Незабудки - Пришвин Михаил Михайлович 14 стр.


Мне стало больно. Я ничего не сказал, но только слегка руками развел: в смысле: нет ее, исчезла. Потом, подумав, сказал о фацелии.

– Как будто ночевали синие птицы и оставили свои синие перья.

Он помолчал, глубоко вгляделся в меня и заключил по-своему:

– Ну, значит, больше она уже не придет. И, оглядев синее поле фацелии, сказал:

– От синей птицы это лежат только синие перышки.

Мне показалось, будто он силился, силился и, наконец, завалил над моей могилой плиту: я ждал до сих пор, а тут как будто навсегда кончилось, и она никогда не придет

Сам же он вдруг зарыдал. Тогда для меня его широкий затылок, его плутоватые, залитые жиром глазки, его мясистый подбородок исчезли, и стало жаль человека, всего человека в его вспышках жизненной силы. Я хотел сказать ему что-то хорошее, взял вожжи в свои руки, подъехал к воде; намочил платок, освежил его. Вскоре он оправился, вытер глаза, взял вожжи опять в свои руки, и мы поехали по-прежнему.

Через некоторое время я решился опять высказать, как мне казалось тогда, вполне самостоятельную мысль о травосеянии, что без поддержки кооперации мы никогда не убедим крестьян ввести в севооборот клевер.

– А ночки-то были? – спросил он, не обращая никакого внимания на мои деловые слова.

– Конечно, были, – ответил я, как настоящий мужчина. Он опять задумался и – такой мучитель! – опять спросил:

– Что же, одна только ночка была?

Мне надоело, я чуть-чуть рассердился, овладел собой и на вопрос, одна или две, ответил словами Пушкина. "Вся жизнь – одна ли, две ли ночи".

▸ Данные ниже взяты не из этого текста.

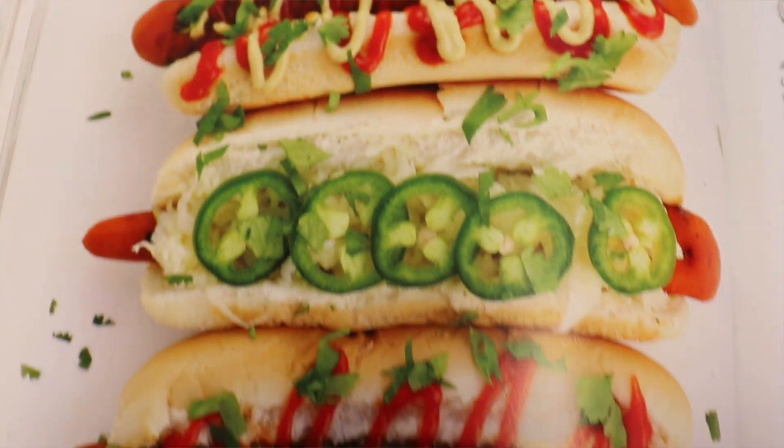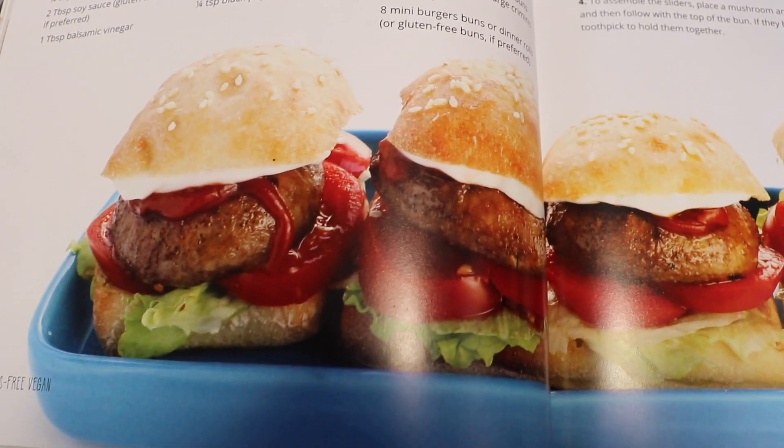This week we are doing lunch. We are going to be doing her carrot hot dogs and mushroom sliders. We also made her nacho cheese sauce because in the picture of the hot dog she shows one with nacho cheese sauce, so we wanted to have that as well.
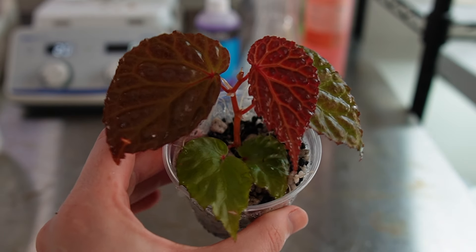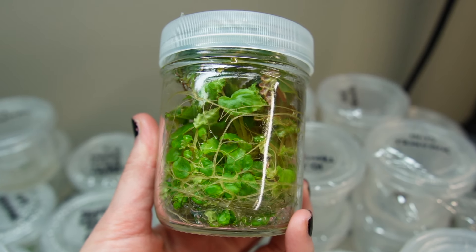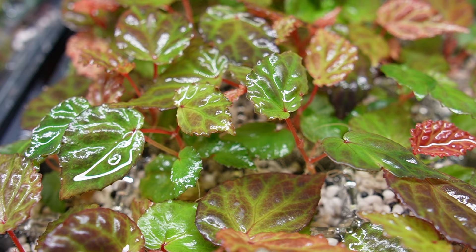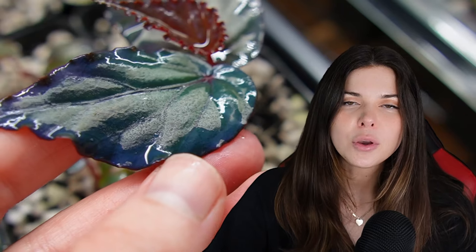Hello friends and enemies. In part one of this video I want to show you the exact method, including the protocol that I follow for successfully tissue culturing begonias at home. And in part two I'll do a pecha kucha style show and tell of my begonia collection and talk about how I care for them.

На иных березах, обращенных к солнцу, появились сережки золотые, чудесные, нерукотворные. На других только наклюнулись почки, на третьих раскрылись и уселись, как удивленные всему на свете, маленькие зеленые птички. Там на тонких веточках сидят, вот и там, и там… И все это нам, людям, не просто почки, а мгновенья- пропустим – не вернутся. И только из множества множеств кто-то один счастливец, стоящий на очереди, осмелеет, протянет руку и успеет схватить.

Ночью мысль какая-то неясная была в душе, я вышел на воздух и мысль свою в реке увидал.

Вчера эта река при открытом небе перекликалась со звездами, со всем миром. Сегодня закрылось небо, и река лежала под тучами, как под одеялом, и больше с миром не перекликалась, – нет! И вот тут-то я узнал в реке свою мысль о себе, что невиновен я тоже, как и река, если не могу перекликаться со всем миром, закрытый от него темными покрывалами моей тоски об утраченной Фацелии. Так я и видел эту реку, что под темными тучами не могла перекликаться со всеми, но все равно оставалась рекой и сияла во тьме, и бежала. А в темноте под тучами рыба, чуя тепло в природе, плескалась гораздо сильней и громче вчерашнего, когда звезды сияли и сильно морозило.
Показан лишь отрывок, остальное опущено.